The task calls for the line containing "Swing no Java 9" and all later lines, through the end of the entries below, to be set down exactly and without pictures.

• • •

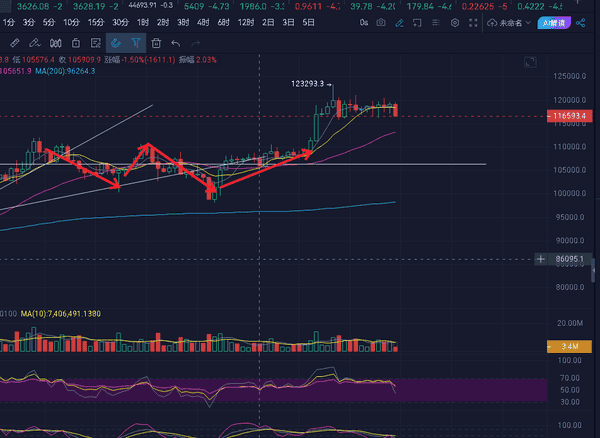 7.25比特币：跌出黄金坑，抄底机会来了？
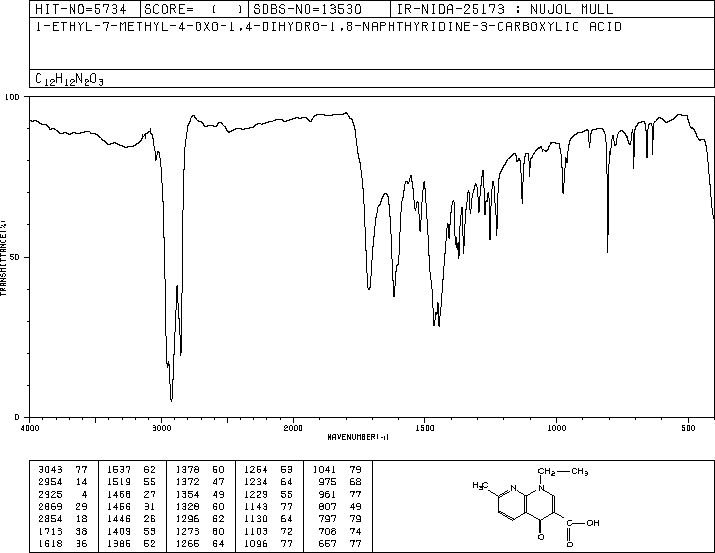 Nalidixic acid(389-08-2) <sup>1</sup>H NMR
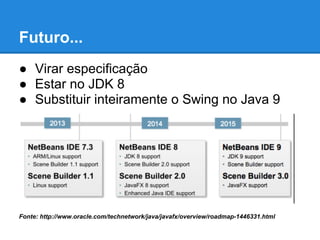 Futuro...
● Virar especificação
● Estar no JDK 8
● Substituir inteiramente o Swing no Java 9
Fonte: http://www.oracle.com/technetwork/java/javafx/overview/roadmap-1446331.html
 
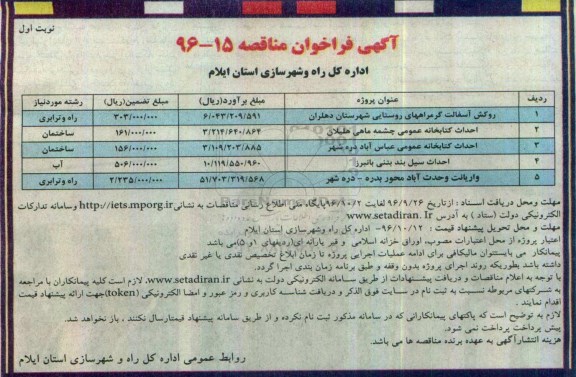 مناقصه , فراخوان روکش آسفالت گرم راههای روستایی ....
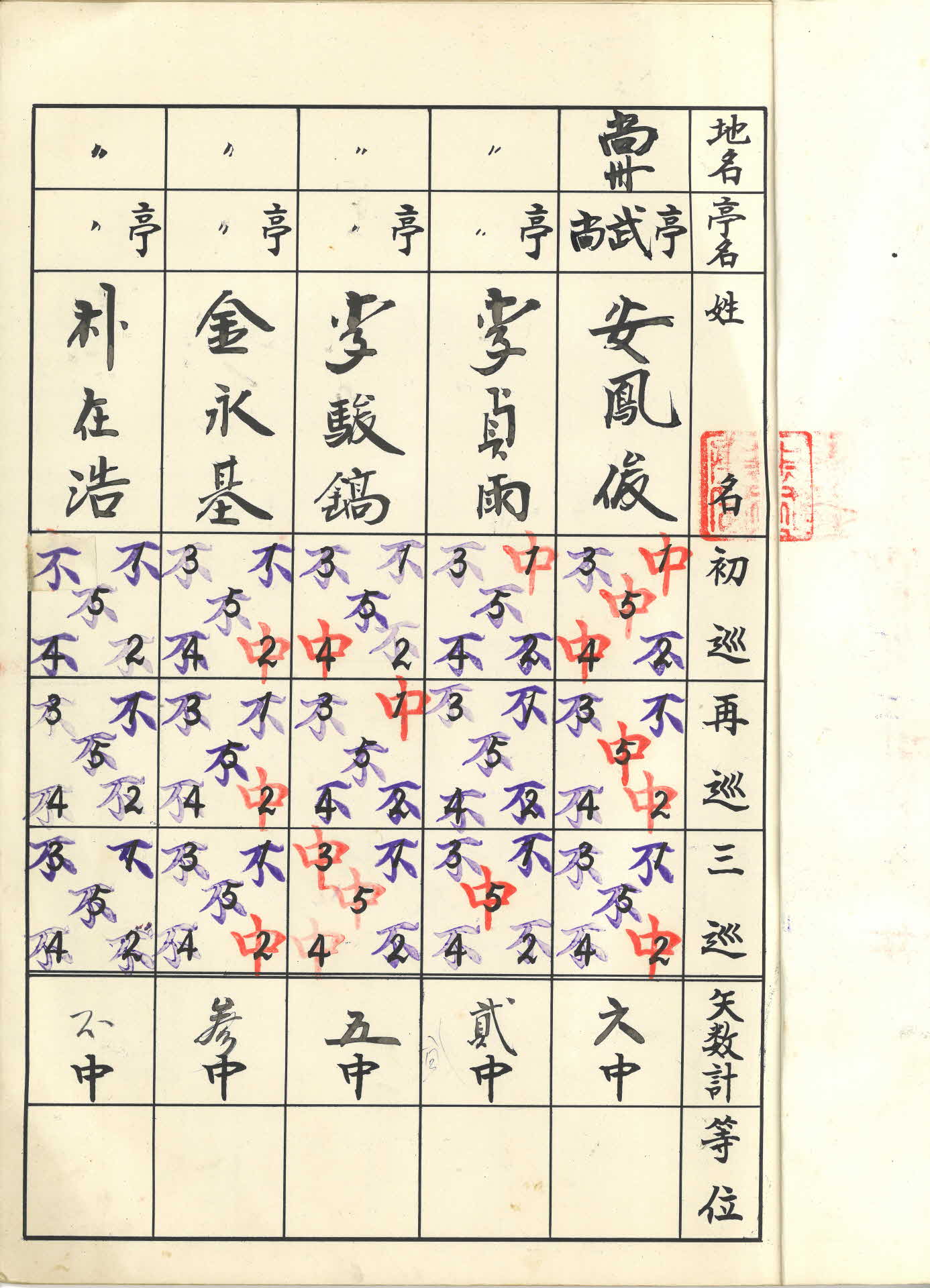 제5회 도내 서지구 친선 궁도대회 남자개인전 시지(시험기록지)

• • •

### Output of the exercise:
● Substituir inteiramente o Swing no Java 9
Fonte: http://www.oracle.com/technetwork/java/javafx/overview/roadmap-1446331.html
 
 مناقصه , فراخوان روکش آسفالت گرم راههای روستایی ....
 제5회 도내 서지구 친선 궁도대회 남자개인전 시지(시험기록지)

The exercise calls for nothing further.